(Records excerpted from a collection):
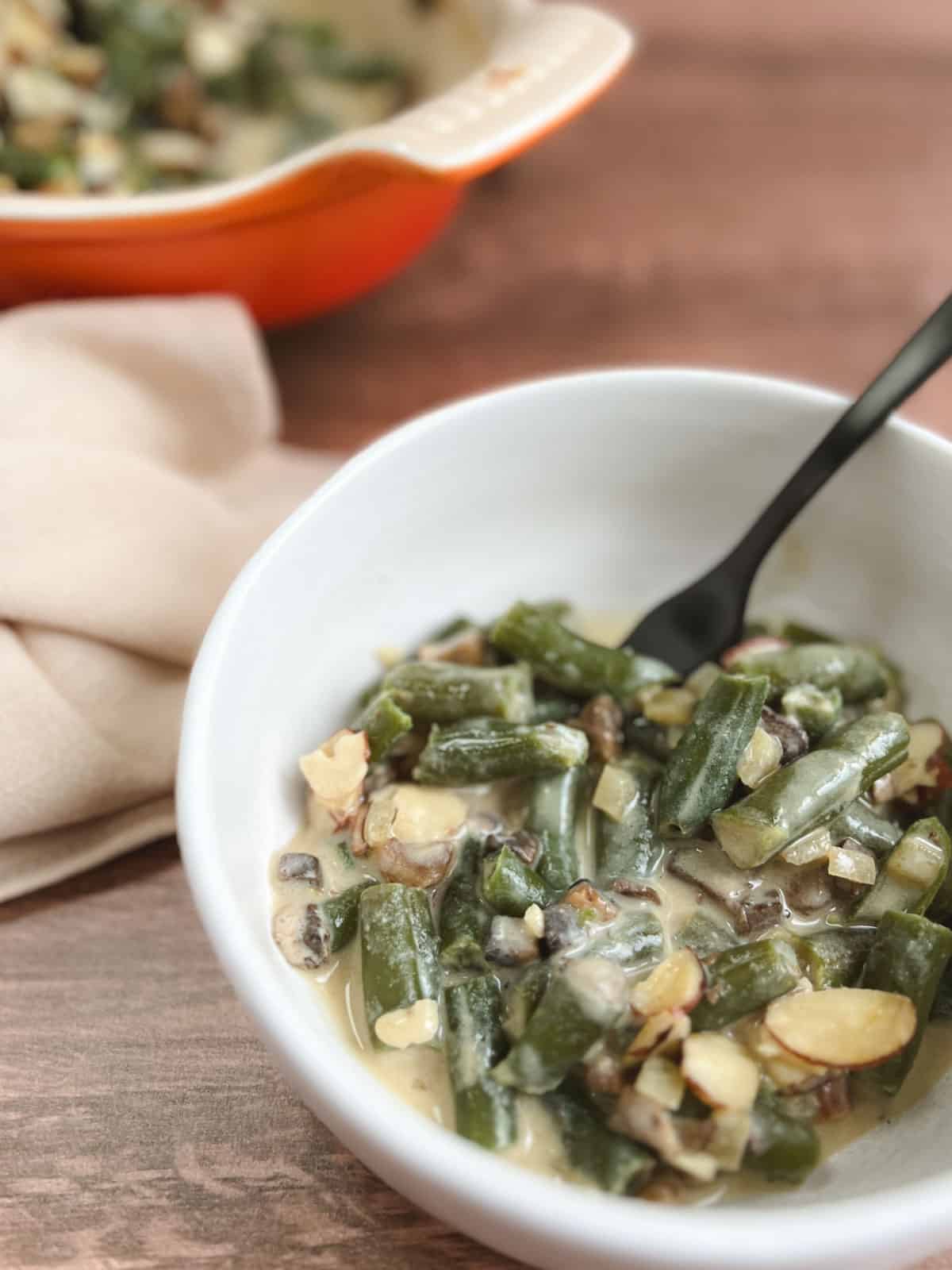 closeup of small white bowl containing serving of vegan green bean casserole with a blurred orange serving dish in the background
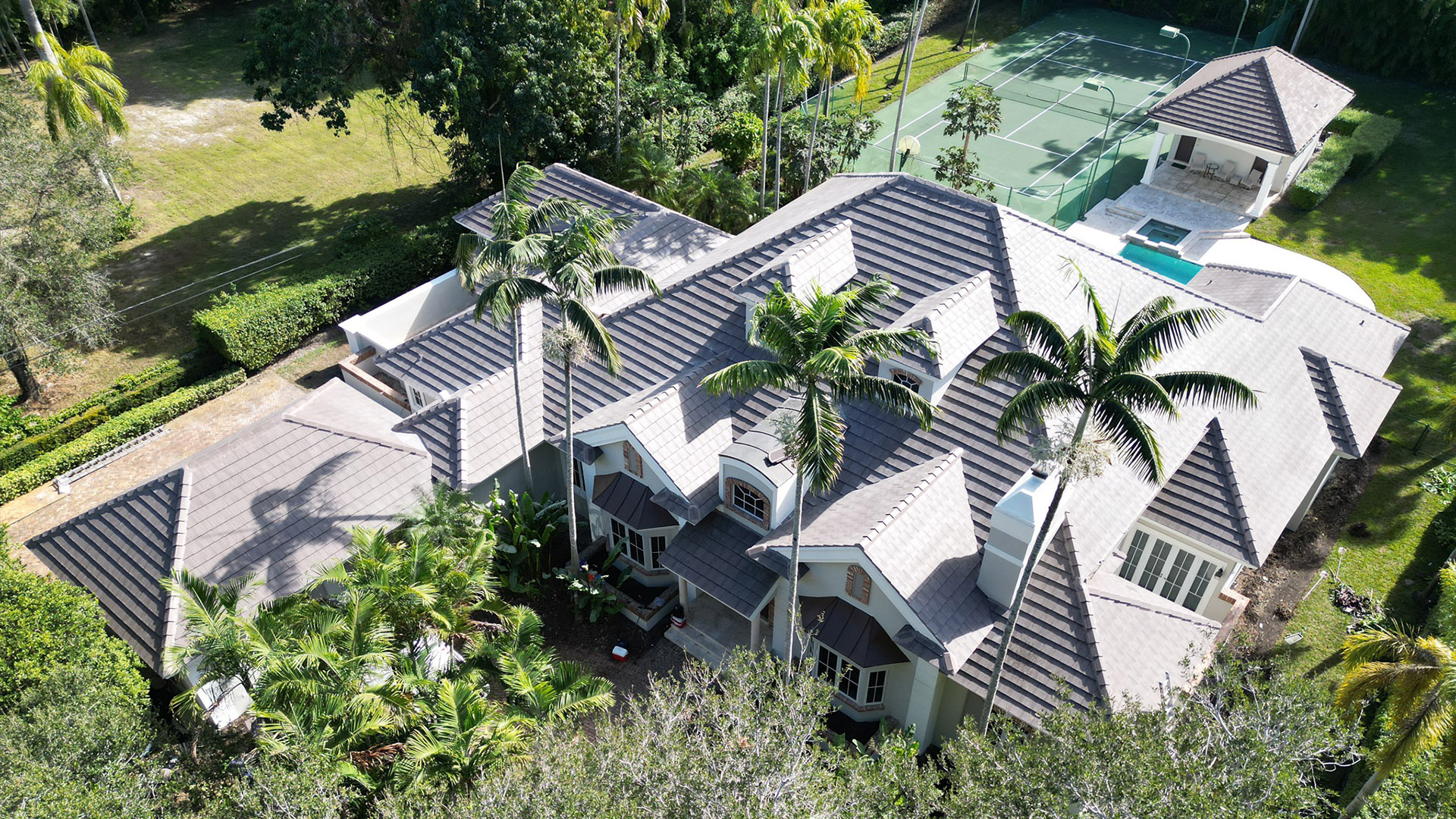 Aerial view of a large modern house with gray tiled roofs, surrounded by palm trees and a tennis court in the background.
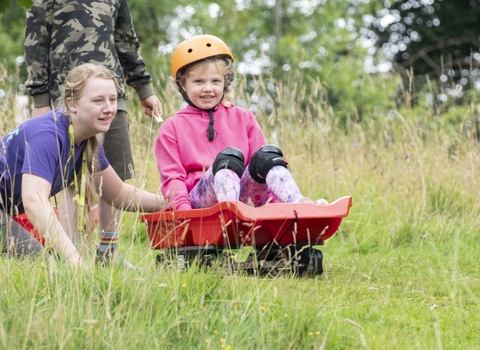 A girl sits on a red grass sled and looks excited as she rolls down a hill, a young woman in purple pushes her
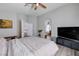 Bright main bedroom featuring wood-look floors and connecting to the bathroom and hallway via arched doorways at 2724 Monrovia Dr, Las Vegas, NV 89117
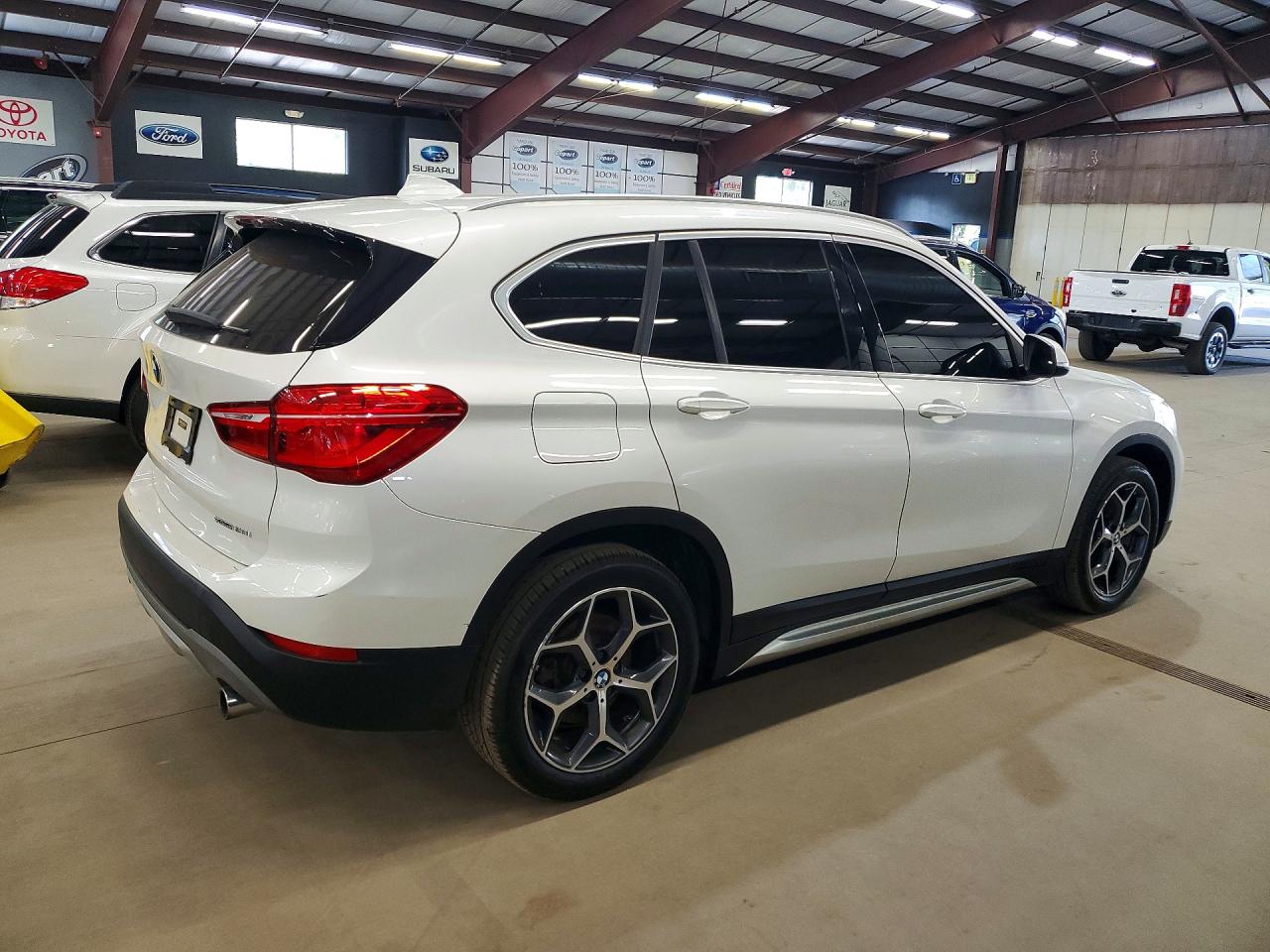 WBXHU7C37J5L09073 · 2018 BMW X1 · 3/13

(YOUR INSTRUCTIONS): Take the line containing "Aerial view of" and every line after it up to the end of the data, and write them out exactly, without the pictures.

(OUTPUT):
 Aerial view of a large modern house with gray tiled roofs, surrounded by palm trees and a tennis court in the background.
 A girl sits on a red grass sled and looks excited as she rolls down a hill, a young woman in purple pushes her
 Bright main bedroom featuring wood-look floors and connecting to the bathroom and hallway via arched doorways at 2724 Monrovia Dr, Las Vegas, NV 89117
 WBXHU7C37J5L09073 · 2018 BMW X1 · 3/13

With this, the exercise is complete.